* _YOUR TASK_
Entries below include pictures. Output exactly the lines from the one with "3000 Vanderbilt Pl Unit: 423" down to the one with "67 Lacam Cir, Sacramento, CA 95820-3672", both ends included, and leave the pictures out.

* _THE RECORDS_
◆ ◆ ◆ ◆ ◆ ◆ ◆
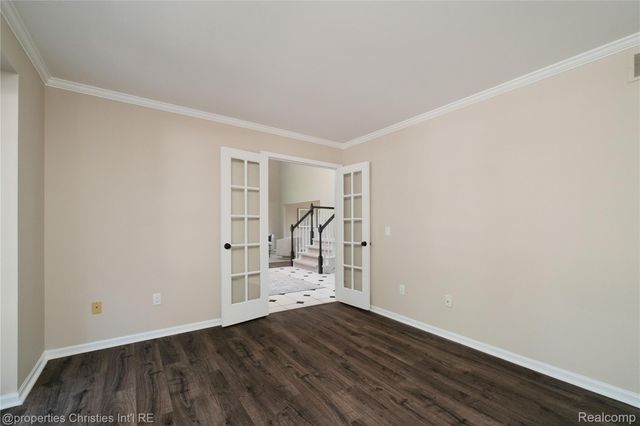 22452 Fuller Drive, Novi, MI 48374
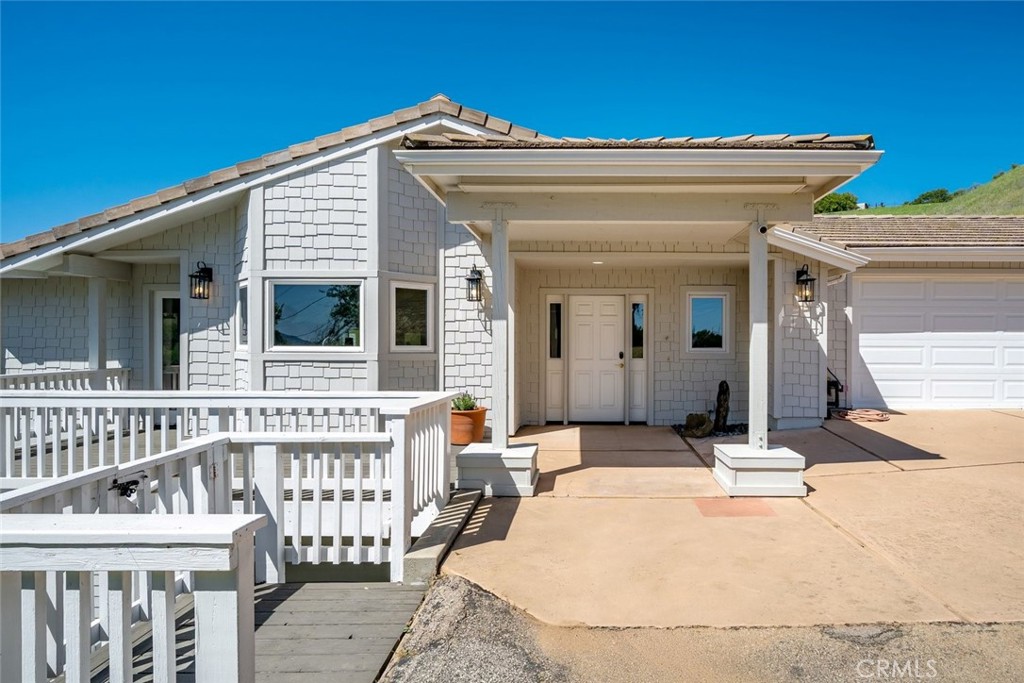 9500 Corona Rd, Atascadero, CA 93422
◆ ◆ ◆ ◆ ◆ ◆ ◆
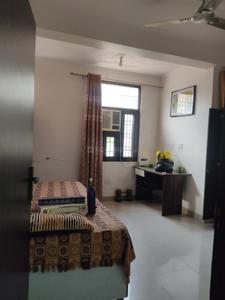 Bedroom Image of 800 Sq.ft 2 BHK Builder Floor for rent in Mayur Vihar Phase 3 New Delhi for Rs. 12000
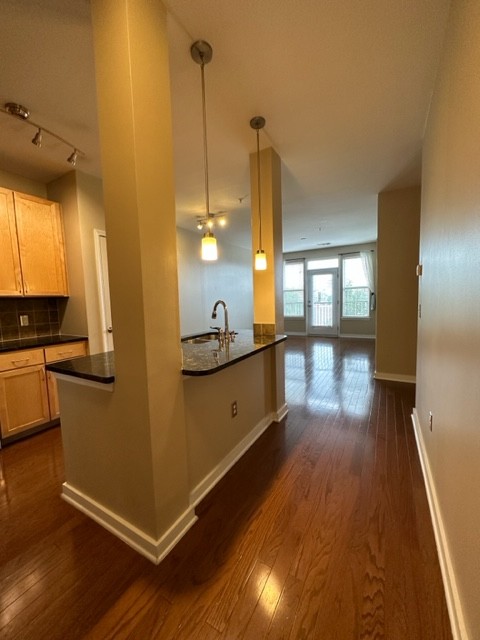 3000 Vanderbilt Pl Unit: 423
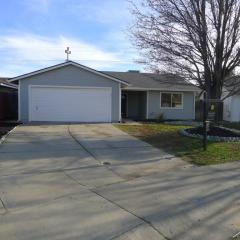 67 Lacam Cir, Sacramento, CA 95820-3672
◆ ◆ ◆ ◆ ◆ ◆ ◆
* _RESPONSE AREA_
 3000 Vanderbilt Pl Unit: 423
 67 Lacam Cir, Sacramento, CA 95820-3672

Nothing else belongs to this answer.